19.1 Omitted Variable Bias Revisited

We introduced Omitted Variable Bias (OVB) in Chapter 13. Here we add a numerical example and emphasize that OVB does not vanish with more data.

If the true model is \(y = \beta_1 + \beta_2 x + \beta_3 z + e\) but we omit \(z\), the OLS estimate of \(\beta_2\) converges to the wrong value:

\[ b_2^* \xrightarrow{p} \beta_2 + \beta_3 \frac{\text{Cov}(x, z)}{\text{Var}(x)} \tag{19.1}\]

Koop-Tobias data: Without an ability proxy, the return to education is 7.3%. With one (test scores), it falls to 5.9%. The omitted ability variable inflated the education coefficient by about 24%.

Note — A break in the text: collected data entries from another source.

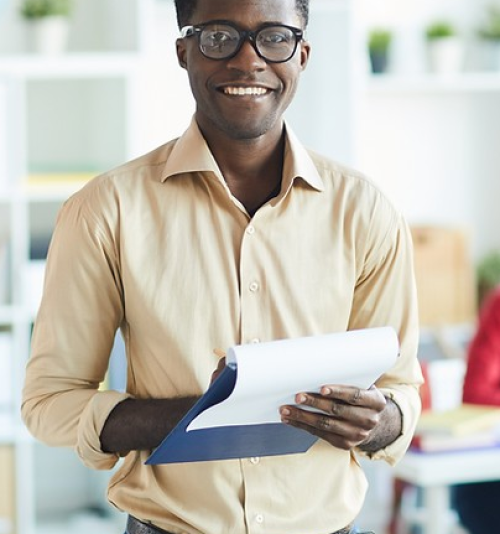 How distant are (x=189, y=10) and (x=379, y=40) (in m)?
3.16

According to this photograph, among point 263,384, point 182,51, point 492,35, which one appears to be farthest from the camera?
point 492,35

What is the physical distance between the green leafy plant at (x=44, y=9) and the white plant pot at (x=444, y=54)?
1497 mm

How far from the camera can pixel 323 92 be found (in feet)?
15.2

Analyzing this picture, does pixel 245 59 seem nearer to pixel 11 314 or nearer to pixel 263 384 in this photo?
pixel 263 384

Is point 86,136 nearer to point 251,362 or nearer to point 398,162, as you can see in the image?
point 398,162

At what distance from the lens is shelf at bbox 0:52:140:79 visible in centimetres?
421

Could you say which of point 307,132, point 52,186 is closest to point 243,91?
point 52,186

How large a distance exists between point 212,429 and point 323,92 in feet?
10.8

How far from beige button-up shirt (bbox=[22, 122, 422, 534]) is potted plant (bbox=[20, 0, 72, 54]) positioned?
271 cm

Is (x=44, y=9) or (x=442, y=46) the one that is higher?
(x=44, y=9)

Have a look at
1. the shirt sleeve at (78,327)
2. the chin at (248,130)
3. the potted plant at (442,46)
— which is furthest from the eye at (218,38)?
the potted plant at (442,46)

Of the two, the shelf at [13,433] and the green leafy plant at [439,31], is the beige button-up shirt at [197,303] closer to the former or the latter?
the shelf at [13,433]

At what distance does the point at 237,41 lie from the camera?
1581 millimetres

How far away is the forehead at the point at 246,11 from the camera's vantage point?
1583 millimetres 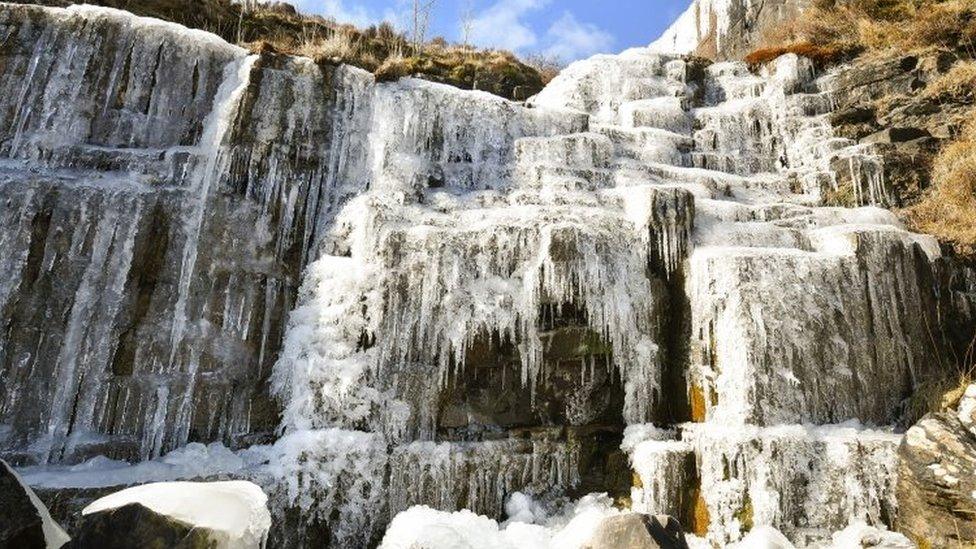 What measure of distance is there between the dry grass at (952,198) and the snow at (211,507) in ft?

The direction of bias depends on two signs: the effect of the omitted variable on \(y\) (\(\beta_3\)) and its correlation with the included regressor. Using Koop-Tobias wage data (\(N = 1{,}057\)): without an ability proxy, the estimated return to education is 7.3%; with an ability proxy (test scores), it falls to 5.9%. The omitted ability variable inflated the education coefficient by about 24%.

Two conditions eliminate OVB: \(\beta_3 = 0\) (the omitted variable does not affect \(y\)) or \(\text{Cov}(x, z) = 0\) (the omitted variable is uncorrelated with the included regressor). An omitted variable is only a problem when both conditions fail.

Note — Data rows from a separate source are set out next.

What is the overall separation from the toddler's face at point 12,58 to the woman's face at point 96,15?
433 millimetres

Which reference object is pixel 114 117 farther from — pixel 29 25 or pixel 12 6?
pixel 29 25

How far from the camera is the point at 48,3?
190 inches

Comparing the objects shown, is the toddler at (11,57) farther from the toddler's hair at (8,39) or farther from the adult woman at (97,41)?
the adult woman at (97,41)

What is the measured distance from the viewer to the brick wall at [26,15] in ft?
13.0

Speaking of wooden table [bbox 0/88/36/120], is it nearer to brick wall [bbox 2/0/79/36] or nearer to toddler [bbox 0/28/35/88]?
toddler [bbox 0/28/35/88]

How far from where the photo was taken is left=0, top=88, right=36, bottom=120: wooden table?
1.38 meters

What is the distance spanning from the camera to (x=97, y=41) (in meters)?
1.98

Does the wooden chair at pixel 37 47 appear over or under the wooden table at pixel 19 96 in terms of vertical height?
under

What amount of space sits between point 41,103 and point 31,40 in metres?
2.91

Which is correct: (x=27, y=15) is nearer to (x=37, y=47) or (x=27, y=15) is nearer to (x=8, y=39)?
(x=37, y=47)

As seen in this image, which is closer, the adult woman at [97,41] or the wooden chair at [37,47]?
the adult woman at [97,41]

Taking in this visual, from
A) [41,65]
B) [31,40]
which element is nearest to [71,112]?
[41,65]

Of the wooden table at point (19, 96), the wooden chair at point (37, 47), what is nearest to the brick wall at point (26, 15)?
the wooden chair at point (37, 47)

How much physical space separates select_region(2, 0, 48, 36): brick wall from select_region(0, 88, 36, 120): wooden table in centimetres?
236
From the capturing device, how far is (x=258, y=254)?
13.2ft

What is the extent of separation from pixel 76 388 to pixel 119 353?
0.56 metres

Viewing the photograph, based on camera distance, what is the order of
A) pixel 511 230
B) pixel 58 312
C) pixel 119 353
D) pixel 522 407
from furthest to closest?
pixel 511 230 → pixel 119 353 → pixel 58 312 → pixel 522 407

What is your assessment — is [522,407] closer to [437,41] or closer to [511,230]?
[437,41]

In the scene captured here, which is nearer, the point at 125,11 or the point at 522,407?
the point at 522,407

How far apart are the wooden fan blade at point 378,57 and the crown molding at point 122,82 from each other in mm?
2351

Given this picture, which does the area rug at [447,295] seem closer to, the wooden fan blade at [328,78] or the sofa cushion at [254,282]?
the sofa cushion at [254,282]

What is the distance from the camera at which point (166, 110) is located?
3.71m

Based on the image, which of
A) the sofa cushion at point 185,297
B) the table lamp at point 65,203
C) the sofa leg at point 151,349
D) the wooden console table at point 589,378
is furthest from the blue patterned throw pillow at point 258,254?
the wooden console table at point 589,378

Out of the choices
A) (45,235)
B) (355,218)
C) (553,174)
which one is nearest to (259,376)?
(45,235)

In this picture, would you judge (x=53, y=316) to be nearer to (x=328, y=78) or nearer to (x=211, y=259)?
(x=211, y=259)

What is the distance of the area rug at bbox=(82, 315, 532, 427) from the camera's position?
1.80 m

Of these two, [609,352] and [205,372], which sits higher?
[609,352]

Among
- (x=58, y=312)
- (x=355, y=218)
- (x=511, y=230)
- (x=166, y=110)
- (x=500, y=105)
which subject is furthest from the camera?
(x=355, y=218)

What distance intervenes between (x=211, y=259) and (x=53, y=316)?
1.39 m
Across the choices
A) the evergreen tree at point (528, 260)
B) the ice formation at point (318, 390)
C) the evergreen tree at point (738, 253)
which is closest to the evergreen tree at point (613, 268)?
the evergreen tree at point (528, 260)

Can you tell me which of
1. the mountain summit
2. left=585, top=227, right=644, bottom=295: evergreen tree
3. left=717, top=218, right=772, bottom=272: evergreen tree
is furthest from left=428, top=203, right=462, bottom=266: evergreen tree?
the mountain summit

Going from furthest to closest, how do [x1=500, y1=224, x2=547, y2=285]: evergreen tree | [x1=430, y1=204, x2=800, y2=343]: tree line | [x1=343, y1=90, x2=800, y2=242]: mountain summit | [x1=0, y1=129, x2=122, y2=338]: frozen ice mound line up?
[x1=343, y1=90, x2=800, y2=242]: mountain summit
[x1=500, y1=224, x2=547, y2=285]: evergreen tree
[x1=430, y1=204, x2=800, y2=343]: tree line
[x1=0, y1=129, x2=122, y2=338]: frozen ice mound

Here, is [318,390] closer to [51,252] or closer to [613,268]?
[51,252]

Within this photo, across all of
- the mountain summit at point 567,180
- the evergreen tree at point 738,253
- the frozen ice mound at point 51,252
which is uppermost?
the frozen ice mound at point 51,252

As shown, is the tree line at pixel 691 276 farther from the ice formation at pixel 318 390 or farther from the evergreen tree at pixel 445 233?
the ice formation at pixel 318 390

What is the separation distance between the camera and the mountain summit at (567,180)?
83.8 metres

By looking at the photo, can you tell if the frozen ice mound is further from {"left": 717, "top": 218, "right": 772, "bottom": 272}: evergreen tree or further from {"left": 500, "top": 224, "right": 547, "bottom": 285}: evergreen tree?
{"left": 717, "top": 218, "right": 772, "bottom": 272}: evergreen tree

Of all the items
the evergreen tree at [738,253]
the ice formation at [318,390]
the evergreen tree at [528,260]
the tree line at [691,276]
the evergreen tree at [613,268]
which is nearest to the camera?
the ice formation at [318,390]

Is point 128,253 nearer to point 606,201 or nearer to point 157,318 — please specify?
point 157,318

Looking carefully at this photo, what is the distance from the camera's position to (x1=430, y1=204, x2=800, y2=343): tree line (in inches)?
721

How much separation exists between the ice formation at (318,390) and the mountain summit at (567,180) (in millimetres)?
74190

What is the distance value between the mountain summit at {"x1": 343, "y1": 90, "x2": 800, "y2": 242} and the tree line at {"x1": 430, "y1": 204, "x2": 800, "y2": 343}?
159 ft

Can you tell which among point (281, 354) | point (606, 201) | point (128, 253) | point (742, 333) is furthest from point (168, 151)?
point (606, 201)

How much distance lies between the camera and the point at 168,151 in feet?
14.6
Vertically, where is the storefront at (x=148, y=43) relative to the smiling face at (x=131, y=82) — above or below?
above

19.2 Including Irrelevant Variables

The opposite mistake is including a variable that does not belong in the model. If \(\beta_4 = 0\) in the true model but you include shoe size alongside education and ability, the estimates of \(\beta_1\), \(\beta_2\), and \(\beta_3\) remain unbiased. The cost is larger standard errors: the variance formula includes a factor \(1/(1 - R_k^2)\) from the auxiliary regression of \(x_k\) on all other regressors, and adding shoe size increases \(R_k^2\) even slightly, inflating \(\text{Var}(b_k)\).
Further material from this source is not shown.